「国家経済貿易委員会が管理する10の国家局所属の科学研究機関の管理体制の改革に関する意見」(1999年)

 国家局所属の研究機関の管理体制の改革に対する意見は、1999年に公表された。この意見は、10の国家局に属する242の科学研究機関について、民間企業に転換することにより、科学研究機関を改革しようとするものである。
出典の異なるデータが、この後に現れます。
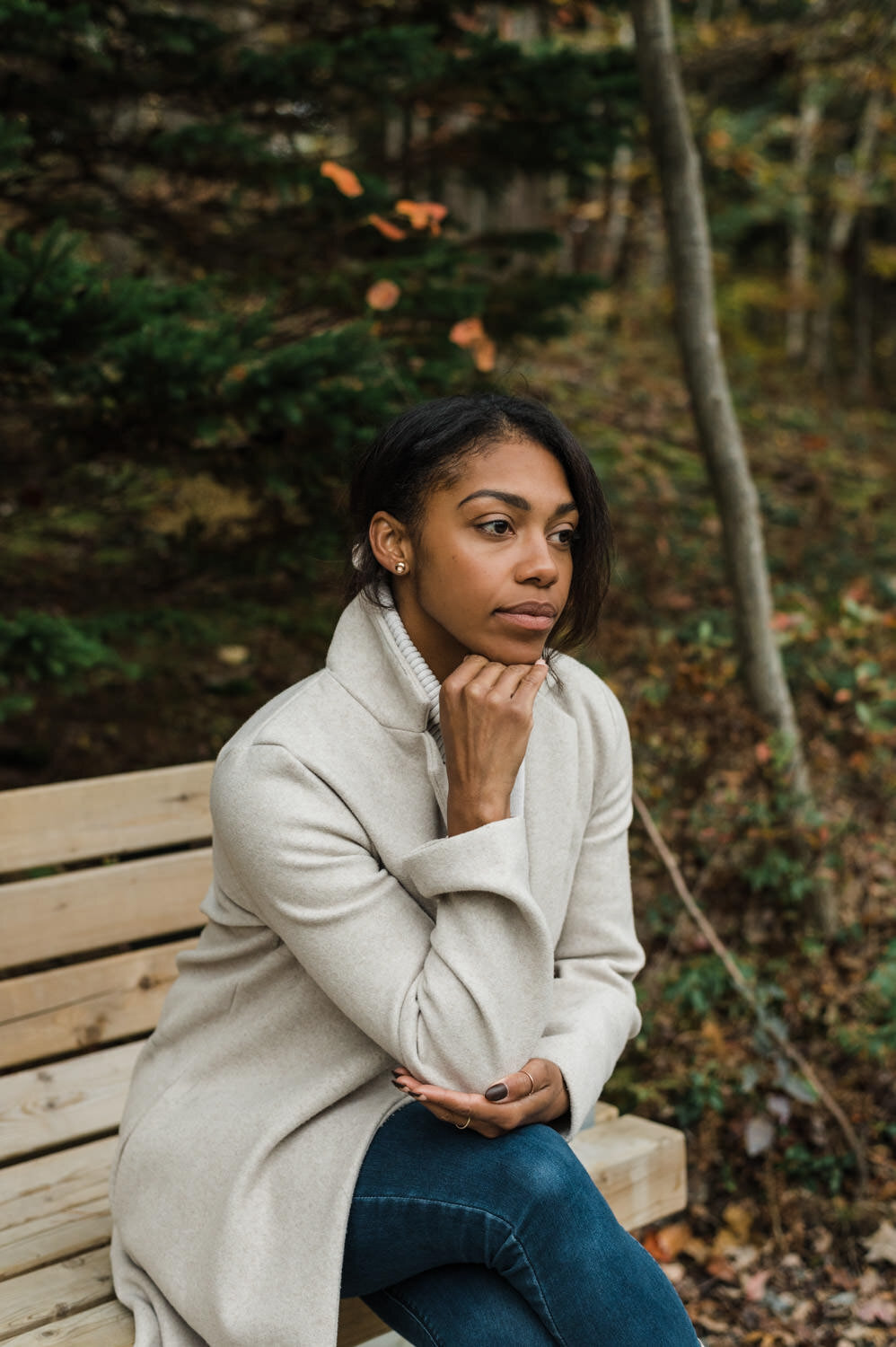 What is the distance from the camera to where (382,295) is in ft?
11.7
 1999年4月、国務院の科学技術部、国家経済貿易委員会などは「国家経済貿易委員会が管理する10の国家局所属の科学研究機関の管理体制の改革に関する意見:关于国家经贸委管理的10个国家局所属科研机构管理体制改革的实施意见」を公表した。この意見は、国家経済貿易委員会が管理する内務貿易局、石炭局、機械局、冶金局、石油化学局、軽工局、紡績局、建材局、たばこ局、非鉄金属局の10の国家局所属の242の科学研究機関について、各局の全部または一部を科学技術型企業や技術サービス・仲介企業に転換することにより、研究開発の経済市場への役割を強化し科学研究機関の自己開発力を高めようとするものである。

 このような意見が出された背景は、新中国建国後に導入された計画経済によって、公的研究機関に「親方日の丸」的な(鉄飯椀)体質が生まれ、研究開発の実施において非効率となっていた状況がある。このような状況は改革開放後も変わることはなく、公的な研究機関の評価は国内では低かった。そのため、応用型の研究機関を科学技術型企業や技術サービス・仲介企業に転換する変革が進められたものである。この意見の対象となっているのは国家経済貿易委員会所管の10の国家機関に所属していた242の科学技術研究機関であるが、これはモデル事業であり、その後も同様に他の国家機関に属する科学技術研究機関の企業化が進められた。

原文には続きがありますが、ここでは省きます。